# Data provided:
■ ■ ■ ■ ■ ■ ■

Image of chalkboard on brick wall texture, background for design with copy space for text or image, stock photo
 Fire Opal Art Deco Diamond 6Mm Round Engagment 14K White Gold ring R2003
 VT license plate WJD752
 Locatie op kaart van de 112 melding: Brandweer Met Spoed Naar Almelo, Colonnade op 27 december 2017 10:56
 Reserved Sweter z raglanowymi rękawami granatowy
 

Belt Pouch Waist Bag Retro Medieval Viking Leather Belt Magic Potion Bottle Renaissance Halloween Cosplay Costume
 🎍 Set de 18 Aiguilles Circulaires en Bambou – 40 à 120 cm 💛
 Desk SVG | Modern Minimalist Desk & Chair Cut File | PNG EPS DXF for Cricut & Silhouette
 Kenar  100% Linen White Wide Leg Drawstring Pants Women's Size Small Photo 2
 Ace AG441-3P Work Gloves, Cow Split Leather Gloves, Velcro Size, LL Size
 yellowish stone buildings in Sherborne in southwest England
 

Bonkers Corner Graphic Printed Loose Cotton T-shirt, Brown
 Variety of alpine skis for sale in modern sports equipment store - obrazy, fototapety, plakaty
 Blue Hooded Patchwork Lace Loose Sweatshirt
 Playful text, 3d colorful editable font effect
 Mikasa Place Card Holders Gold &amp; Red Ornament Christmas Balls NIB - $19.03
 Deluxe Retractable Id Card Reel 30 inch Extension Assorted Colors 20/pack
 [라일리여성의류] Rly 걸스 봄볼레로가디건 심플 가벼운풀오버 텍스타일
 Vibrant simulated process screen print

■ ■ ■ ■ ■ ■ ■

I'd like all of the entries written out again exactly as they appear above.

# Solution for this problem:
Image of chalkboard on brick wall texture, background for design with copy space for text or image, stock photo
 Fire Opal Art Deco Diamond 6Mm Round Engagment 14K White Gold ring R2003
 VT license plate WJD752
 Locatie op kaart van de 112 melding: Brandweer Met Spoed Naar Almelo, Colonnade op 27 december 2017 10:56
 Reserved Sweter z raglanowymi rękawami granatowy
 

Belt Pouch Waist Bag Retro Medieval Viking Leather Belt Magic Potion Bottle Renaissance Halloween Cosplay Costume
 🎍 Set de 18 Aiguilles Circulaires en Bambou – 40 à 120 cm 💛
 Desk SVG | Modern Minimalist Desk & Chair Cut File | PNG EPS DXF for Cricut & Silhouette
 Kenar  100% Linen White Wide Leg Drawstring Pants Women's Size Small Photo 2
 Ace AG441-3P Work Gloves, Cow Split Leather Gloves, Velcro Size, LL Size
 yellowish stone buildings in Sherborne in southwest England
 

Bonkers Corner Graphic Printed Loose Cotton T-shirt, Brown
 Variety of alpine skis for sale in modern sports equipment store - obrazy, fototapety, plakaty
 Blue Hooded Patchwork Lace Loose Sweatshirt
 Playful text, 3d colorful editable font effect
 Mikasa Place Card Holders Gold &amp; Red Ornament Christmas Balls NIB - $19.03
 Deluxe Retractable Id Card Reel 30 inch Extension Assorted Colors 20/pack
 [라일리여성의류] Rly 걸스 봄볼레로가디건 심플 가벼운풀오버 텍스타일
 Vibrant simulated process screen print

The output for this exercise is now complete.